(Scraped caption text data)
##############################

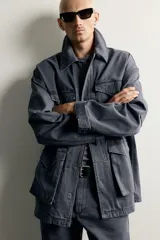 Parka relaxed fit de algodón color gris con efecto lavado. Cuenta con cuello solapa, cuatro bolsillos de plastrón con solapa en el frente y cierre frontal con cremallera oculta por solapa con botones a presión.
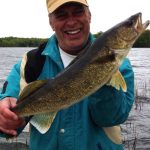 Man with yellow cap and green jacket holds a large walleye while on the lake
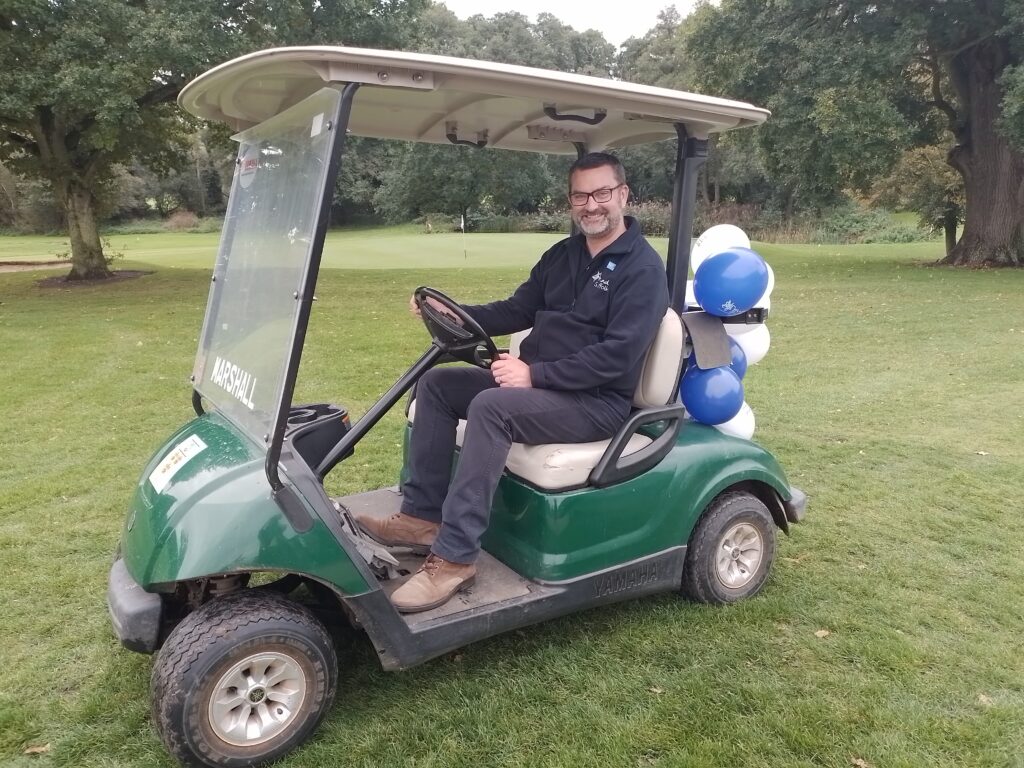 A man smiles at the camera while sitting in a golf caddy. 'Suffolk Mind' is written on his fleece. 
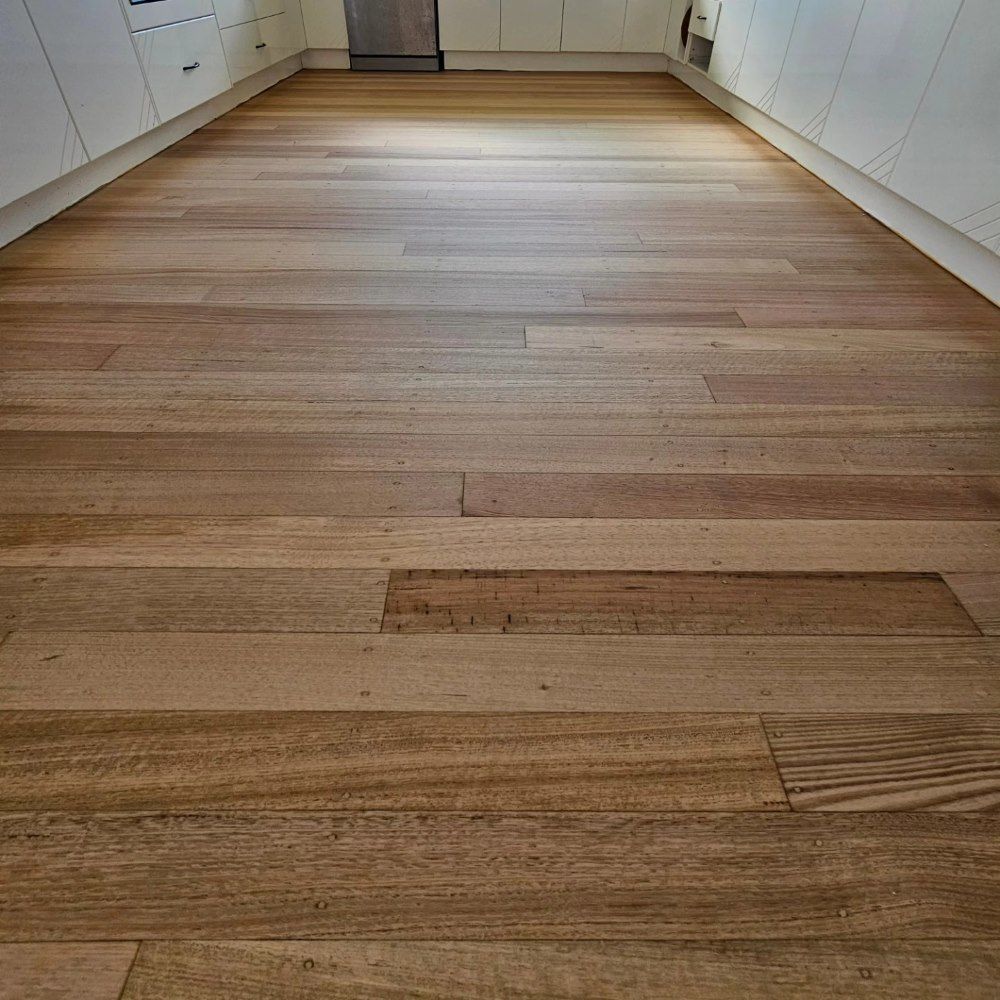 A Kitchen With a Wooden Floor and White Cabinets — ATM Floors In Mount Louisa, QLD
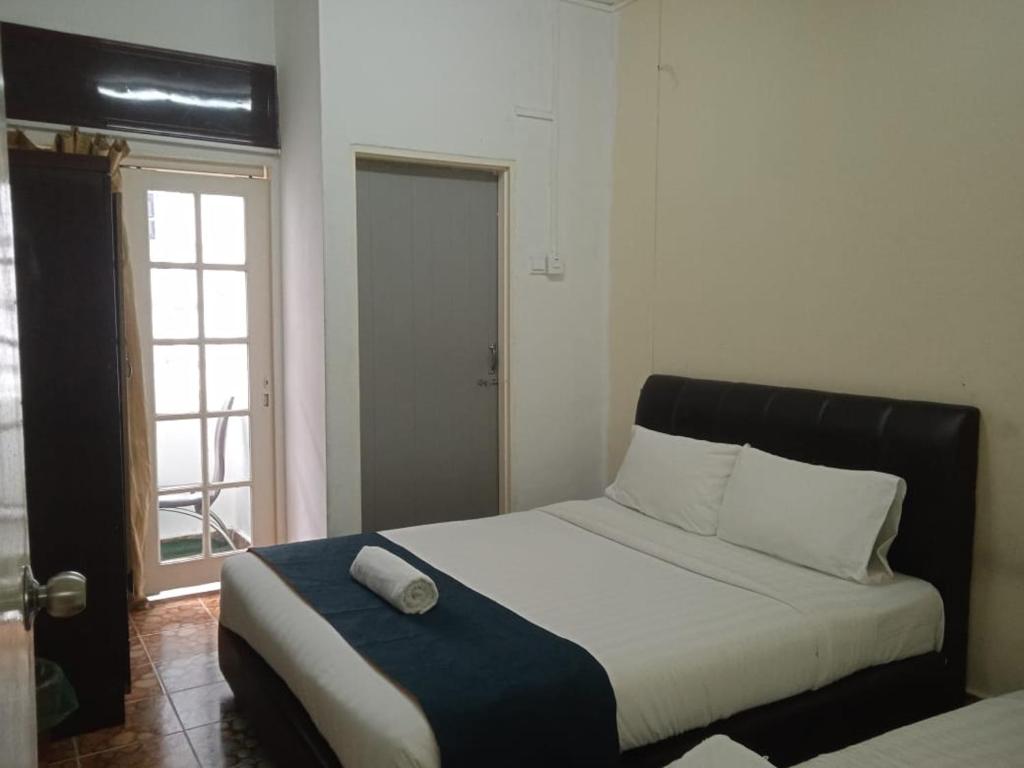 Ένα ή περισσότερα κρεβάτια σε δωμάτιο στο Rest N Go CH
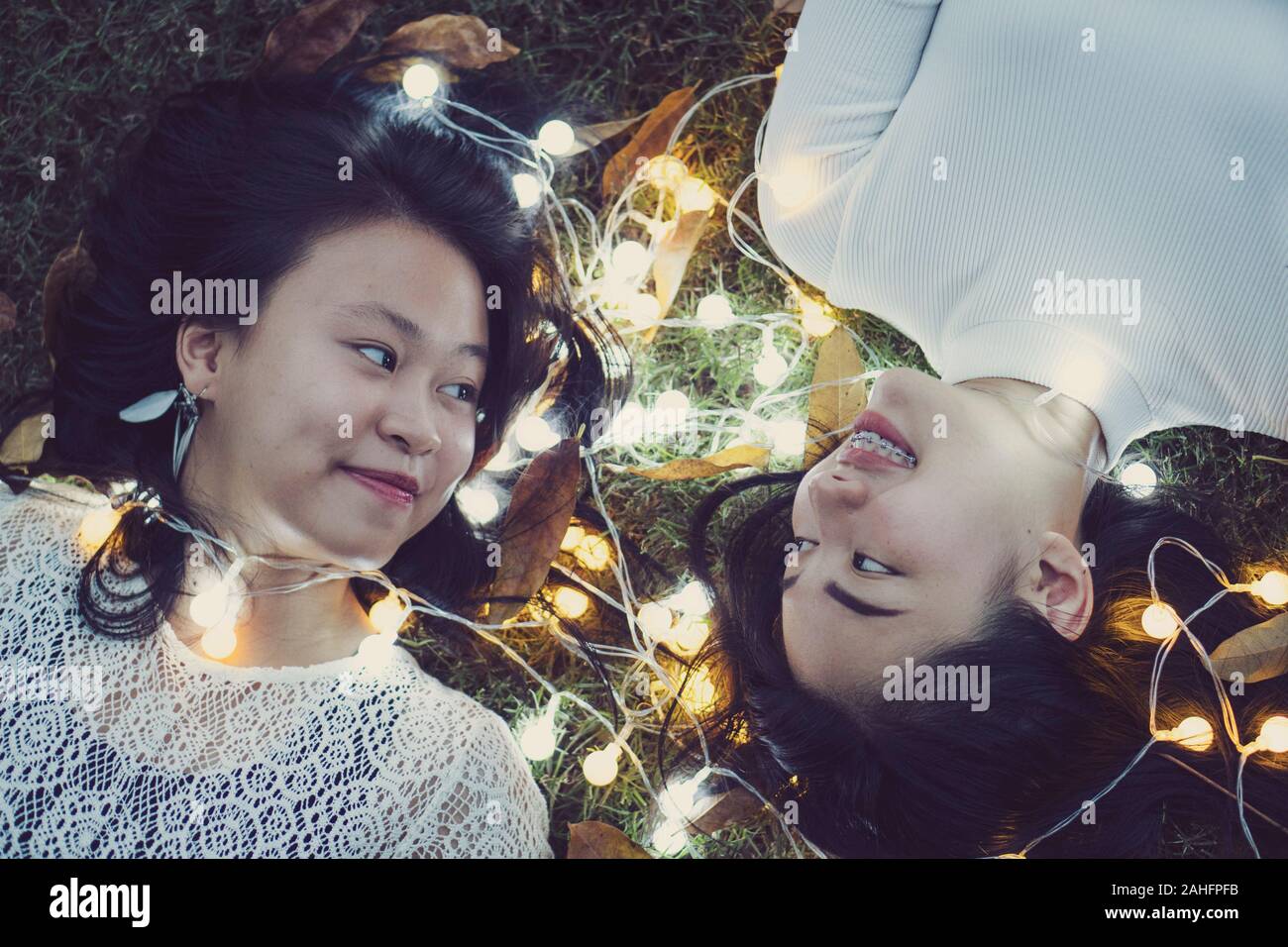 Zwei hübsche Mädchen beste Freunde liegen auf bunte Lichter auf dem Gras. Glückliche Freundschaft Konzept Stockfoto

##############################

Activity: From the line containing "A Kitchen With" down to the last line of the records above, repeat every line exactly and nothing else, dropping any pictures.

Written response:
 A Kitchen With a Wooden Floor and White Cabinets — ATM Floors In Mount Louisa, QLD
 Ένα ή περισσότερα κρεβάτια σε δωμάτιο στο Rest N Go CH
 Zwei hübsche Mädchen beste Freunde liegen auf bunte Lichter auf dem Gras. Glückliche Freundschaft Konzept Stockfoto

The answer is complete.